Module and Buffer

Module and Buffer are MobilityGen’s core building blocks. A Buffer holds a single piece of simulation data — a sensor reading, a robot pose, a joint state. A Module owns a set of Buffers and controls when to read from the simulation into them, and when to apply them back.

Interaction with simulation

Two methods define how a module exchanges data with the simulation:

• update_state() — reads the current simulation state (robot pose, sensor readings) and writes it into the module’s Buffers.

• write_replay_data() — reads values from the module’s Buffers and applies them back into the simulation (e.g. sets articulation pose and joint positions during replay).

All other code — writers, readers, scenario logic — only touches Buffers, never simulation APIs directly. These methods call into Omniverse APIs such as isaacsim.core.experimental (articulation) and omni.replicator.core (render products, annotators).
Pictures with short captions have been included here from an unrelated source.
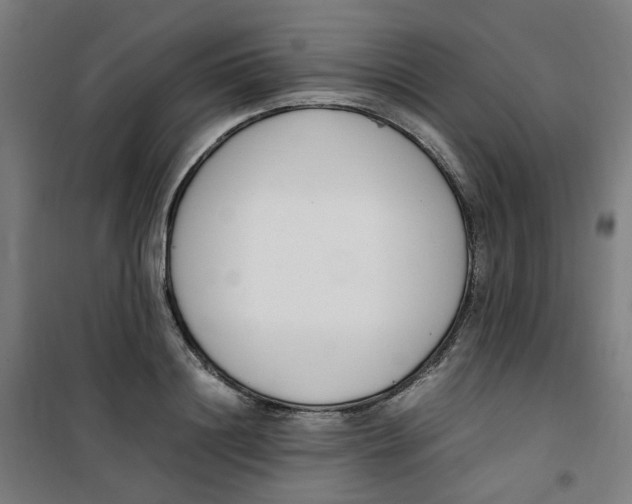 X0000100340844200807031257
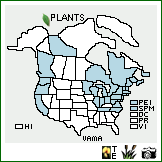 Distribution of Vaccinium macrocarpon Aiton. . Image Available. 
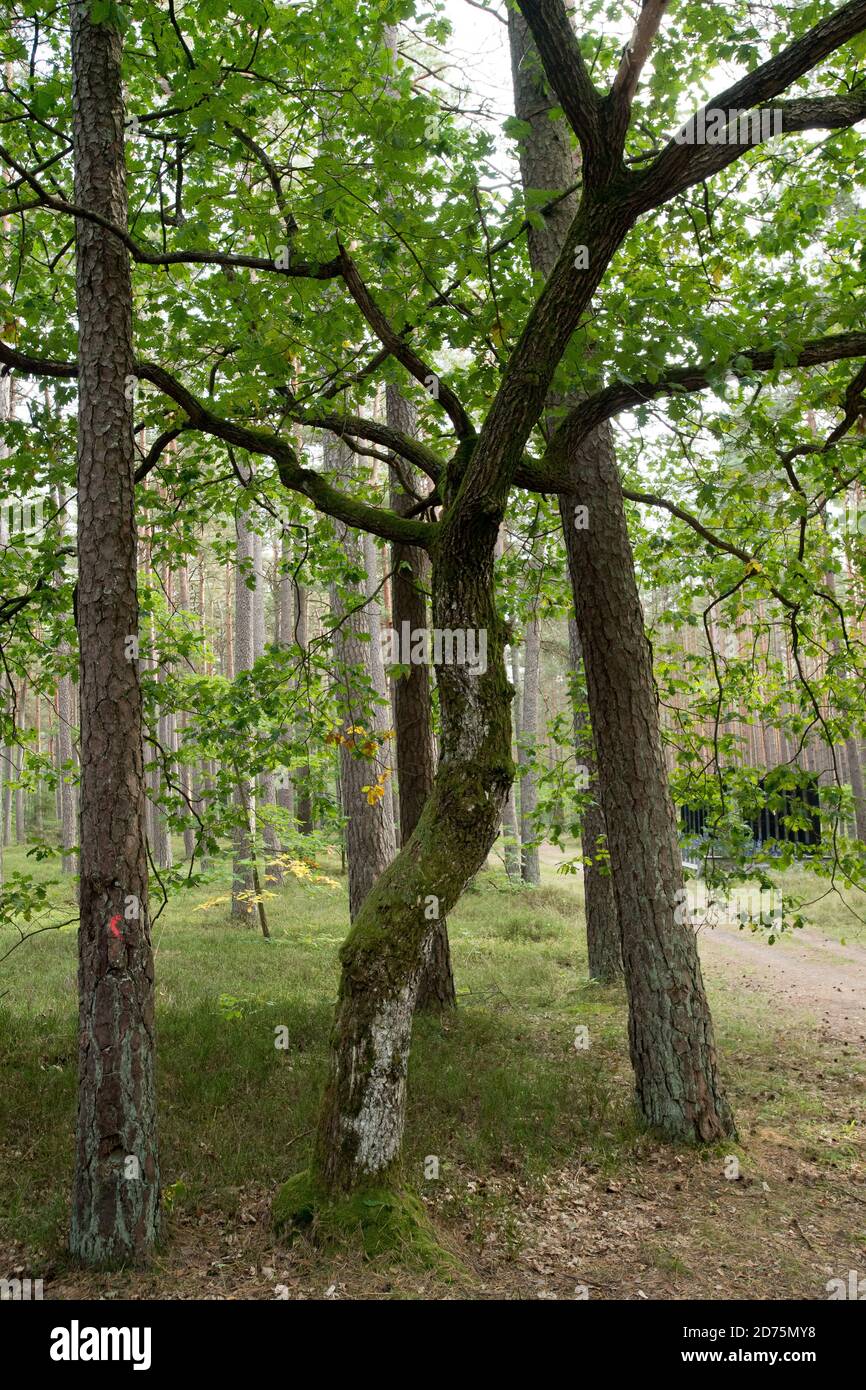 Baum sah aus wie ein erschossen Mann in der Nähe eines von mindestens 30 Massengräbern von 12.000 bis 14.000 polnischen Intellektuellen (nationale Aktivisten, Lehrer, Priester) aus Stockfoto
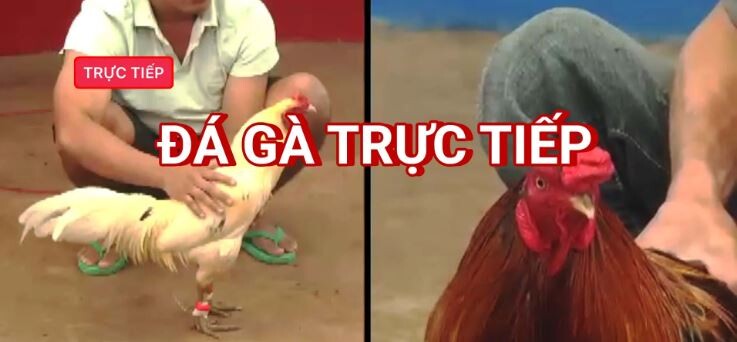 Trang web cá cược đá gà SV66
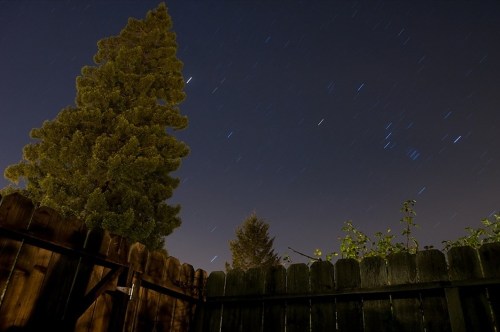 A night sky with star trails above a tall tree and a wooden fence, creating a serene outdoor scene.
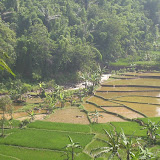 Sawah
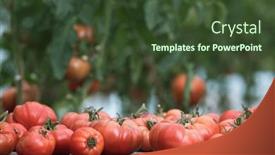  Presentation with vegetable garden - 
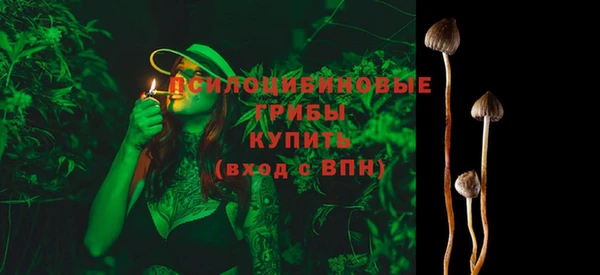 эйфоретик Костерёво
The relevant APIs by component:

• Robot state — isaacsim.core.experimental: Articulation → world poses, joint positions, joint velocities, linear/angular velocities

• Camera — omni.replicator.core: render product + annotator → RGB (LdrColor), depth (distance_to_camera), segmentation, surface normals

• LiDAR — omni.replicator.core: RTX LiDAR render product + annotator → point cloud (xyz, intensity, range)

• IMU — isaacsim.sensors.physx → linear acceleration, angular velocity

MobilityGenRobot.write_replay_data() applies buffered values back:

position.get_value()          → articulation.set_world_poses(…)
joint_positions.get_value()   → articulation.set_dof_positions(…)

MobilityGenCamera.update_state() reads from a render product via an annotator:

UsdGeom.Camera prim
  → rep.create.render_product()     # RTX renders pixels each frame
      → annotator (LdrColor, distance_to_camera, …)
          → annotator.get_data()    # called inside MobilityGenCamera.update_state()
              → Buffer.set_value()  # stored in rgb_image, depth_image_m, …

The component tree

At each simulation step MobilityGen needs to capture a lot of state — robot pose, joint positions, and images from every camera. Rather than writing explicit loops to collect each piece, MobilityGen organises components into a tree and propagates operations top-down automatically. Instead of:

robot.update_state()
robot.sensor_rig.front_hawk_left.update_state()
robot.sensor_rig.front_hawk_right.update_state()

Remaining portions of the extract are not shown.